%%
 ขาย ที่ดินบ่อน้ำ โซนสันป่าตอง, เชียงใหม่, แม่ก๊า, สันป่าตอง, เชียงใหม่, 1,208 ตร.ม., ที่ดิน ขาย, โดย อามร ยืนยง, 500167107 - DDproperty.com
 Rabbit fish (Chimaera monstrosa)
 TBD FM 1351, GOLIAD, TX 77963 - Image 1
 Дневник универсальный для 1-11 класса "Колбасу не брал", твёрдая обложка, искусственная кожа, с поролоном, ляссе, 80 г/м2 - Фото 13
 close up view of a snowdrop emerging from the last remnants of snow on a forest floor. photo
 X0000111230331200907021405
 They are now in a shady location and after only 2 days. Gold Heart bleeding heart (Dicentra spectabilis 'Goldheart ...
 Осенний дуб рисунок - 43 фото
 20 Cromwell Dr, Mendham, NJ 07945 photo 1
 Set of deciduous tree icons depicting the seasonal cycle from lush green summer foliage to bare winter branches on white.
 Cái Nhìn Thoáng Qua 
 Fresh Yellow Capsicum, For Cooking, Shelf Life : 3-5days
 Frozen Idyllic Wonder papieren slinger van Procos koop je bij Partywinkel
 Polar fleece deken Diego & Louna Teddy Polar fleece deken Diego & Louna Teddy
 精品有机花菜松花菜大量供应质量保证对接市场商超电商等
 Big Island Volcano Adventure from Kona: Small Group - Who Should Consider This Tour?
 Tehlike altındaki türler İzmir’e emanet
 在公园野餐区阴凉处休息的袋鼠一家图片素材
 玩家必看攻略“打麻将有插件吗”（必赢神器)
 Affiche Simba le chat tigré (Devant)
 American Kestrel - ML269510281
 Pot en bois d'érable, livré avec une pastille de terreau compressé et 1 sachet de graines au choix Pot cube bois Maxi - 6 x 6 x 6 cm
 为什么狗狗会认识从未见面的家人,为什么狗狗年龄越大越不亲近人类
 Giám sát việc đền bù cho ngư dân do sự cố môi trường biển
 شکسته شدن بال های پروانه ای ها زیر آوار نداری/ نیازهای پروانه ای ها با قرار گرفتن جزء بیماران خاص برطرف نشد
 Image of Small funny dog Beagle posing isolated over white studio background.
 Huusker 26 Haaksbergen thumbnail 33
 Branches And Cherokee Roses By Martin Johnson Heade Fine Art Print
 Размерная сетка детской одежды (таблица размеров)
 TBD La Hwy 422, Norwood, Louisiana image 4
%%
## Assignment:
If a line in the records has the word "from", copy that line.

## Completed task:
 close up view of a snowdrop emerging from the last remnants of snow on a forest floor. photo
 Set of deciduous tree icons depicting the seasonal cycle from lush green summer foliage to bare winter branches on white.
 Big Island Volcano Adventure from Kona: Small Group - Who Should Consider This Tour?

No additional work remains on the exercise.